Single sign on (SSO) is an authentication method where accessing different systems and applications uses a single set of credentials, that credential is able to be used by each system querying a central system (Authentication service) to provide the user access to a service or system. This is different from a Password manager or “Screen Scraping” where a user name and password is “replayed” into the session.
An example of Single Sign on is your Facebook or Google Account being used to connect you to third party platforms and services as happens with games and services today. The Third party system/service you requested access to does not ever know your Facebook or Google password – instead a token is provided to the third party platform with the assertion that you are who you say you are because the authenticator (Facebook or Google) trusts you.
The protocols that you may see used with Single Sign On are: OAuth, SAML or OpenID which all provide broadly the same functions.
Benefit: Single Sign On (SSO) reduces password complexity, reducing password complexity helps stop users from sticking their passwords on their monitors. SSO also is a first step toward being able to audit the: Who, What and When of user access to corporate systems and data.
Note: When an older/or not supported platform is connected to “Single Sign On” services there is often a go between process of “Screen Scraping” or text entry occurring using a client based tool and this is often called: “Simplified Sign On”
How does Single Sign On stop me being hacked?
The benefits of Single Sign On are more indirect than direct benefit when referring to Cyber Security.
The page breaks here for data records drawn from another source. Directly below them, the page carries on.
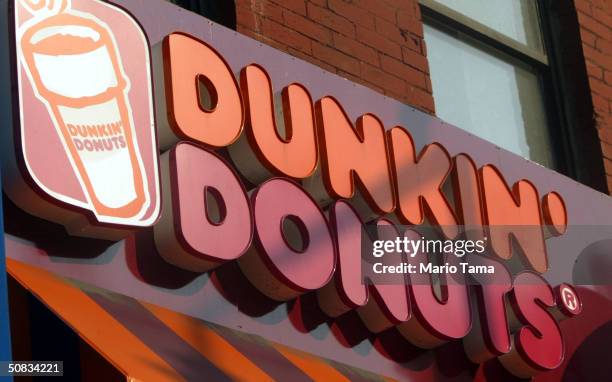 Dunkin Donuts sign is seen May 13, 2004 in New York City. Dunkin Donuts plans to open 10 stores inside Wal-Mart stores within the next three months.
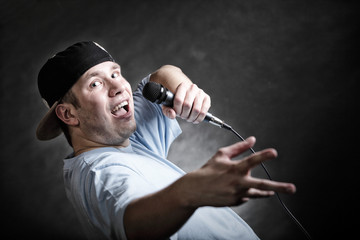 Rap singer man with microphone cool hand gesture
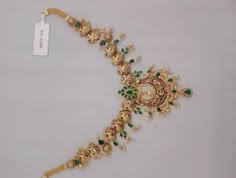 a gold necklace with green and white stones on it, along with a price tag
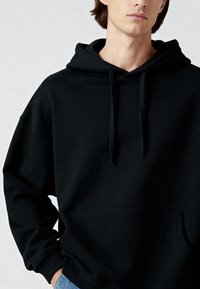 Sudadera negra de material de algodón, con bolsillo tipo canguro, capucha con cordones y puños acanalados. Diseño minimalista con un ajuste relajado.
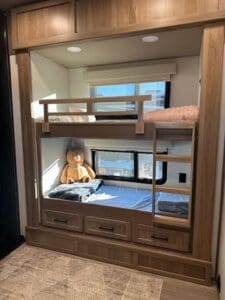 Luxe Elite luxury fifth wheel 2-bedroom bunkhouse with two twin beds, storage, and window for full-time living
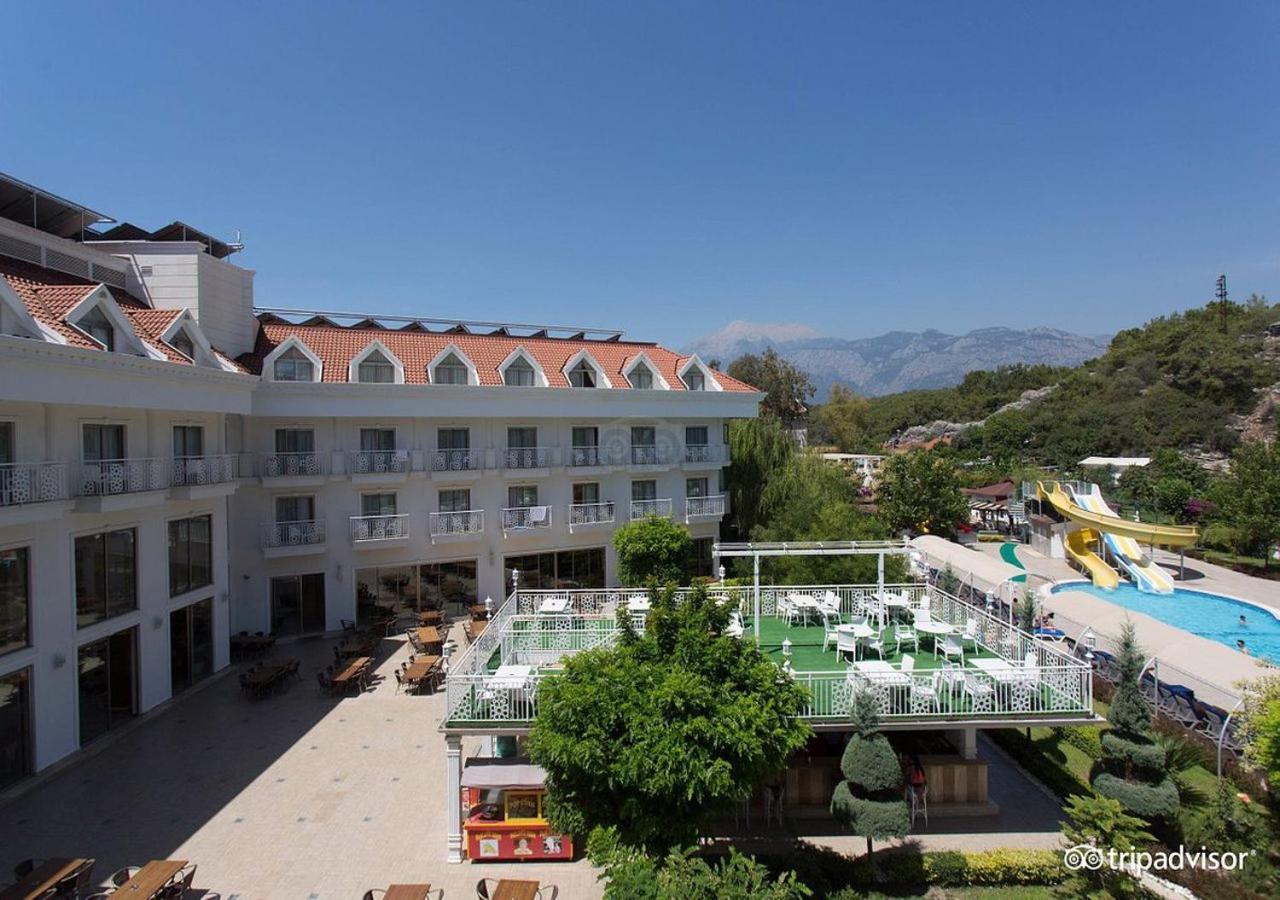 Miramor Hotel & Spa Antalya Luaran gambar The photo shows a hotel or resort facility with a well-maintained exterior. There is a large green area with grass and some trees, likely intended for relaxation or recreational activities. In the background, there are water slides suggesting an amus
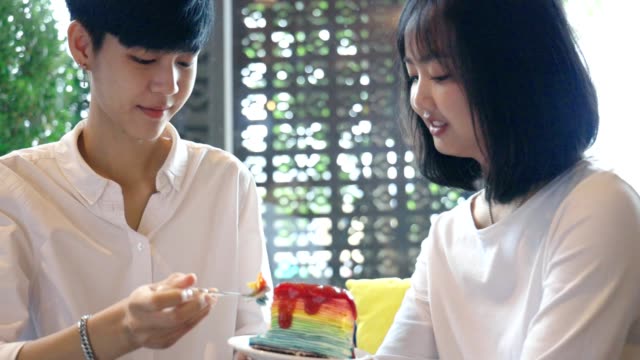 Junge-asiatische-Lesben-Paar-Fütterung-süßen-Regenbogen-Kuchen,-LGBT-Liebe-Moment-Zeitlupe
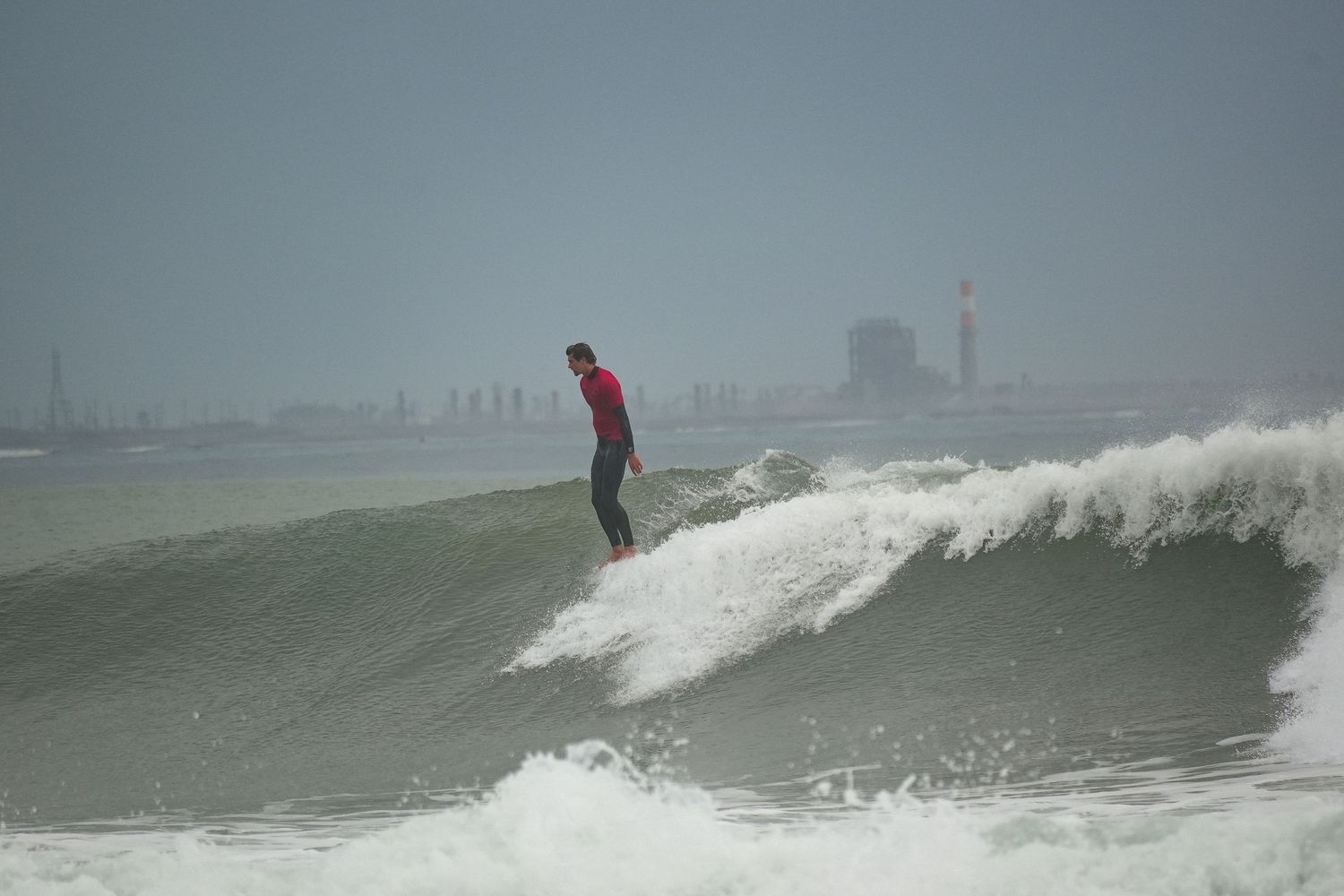 Longboard surfer in a red shirt stands tall on a rolling wave with a hazy coastal skyline behind.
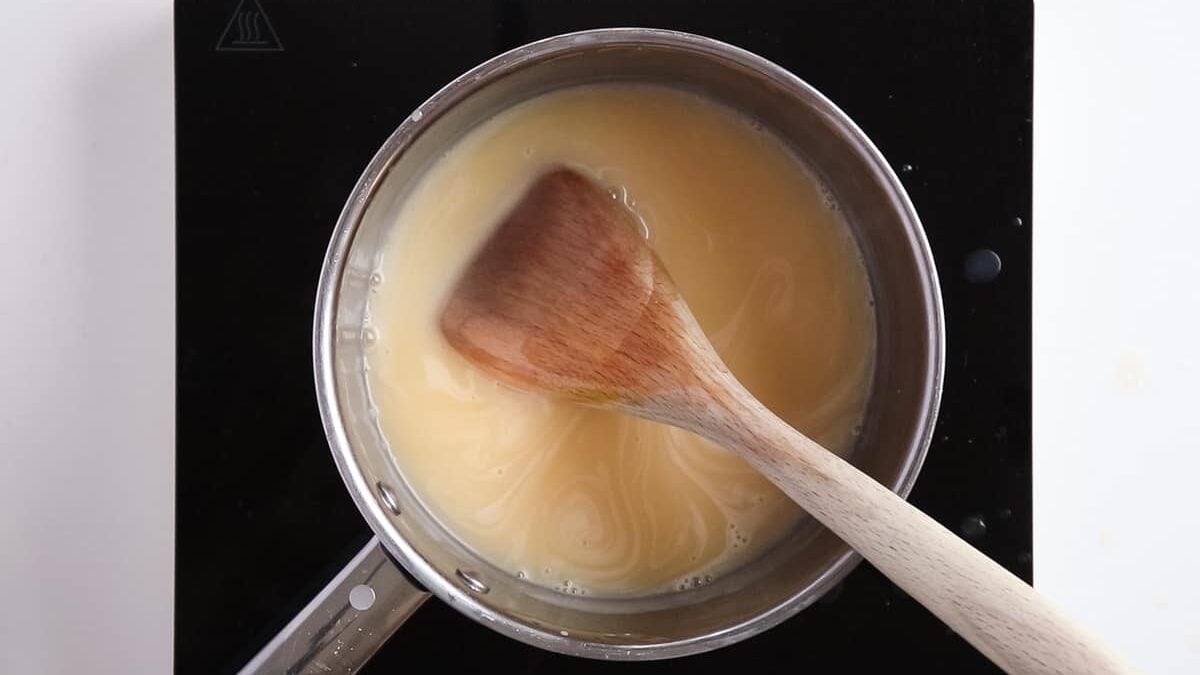 melted candy cane cream in a saucepan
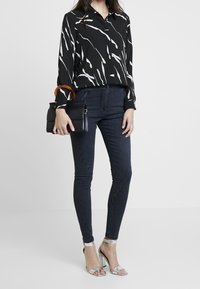 Schwarzes Button-Up-Hemd mit weißen abstrakten Linien, kombiniert mit dunklen Skinny-Jeans und metallischen High-Heels. Schwarze Handtasche mit transparentem Griff.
Single Sign on has the following benefits from a Cyber maturity perspective:
- Managing credentials centrally is best practise whether using an Identity Management platform or manually managing your Directory service.
- Having a single credential ensures that auditing where a user has authenticated is easier to report on
- A single credential means a single password to remember, multiple passwords and out of sync password policies lead to issues with password security
- It is easier to include Multi factor authentication where the authenticator is a single plaform
- When decommissioning a user it is easier to completely deprovision when there is only one account to remove, as opposed to credentials being stored on individual machines.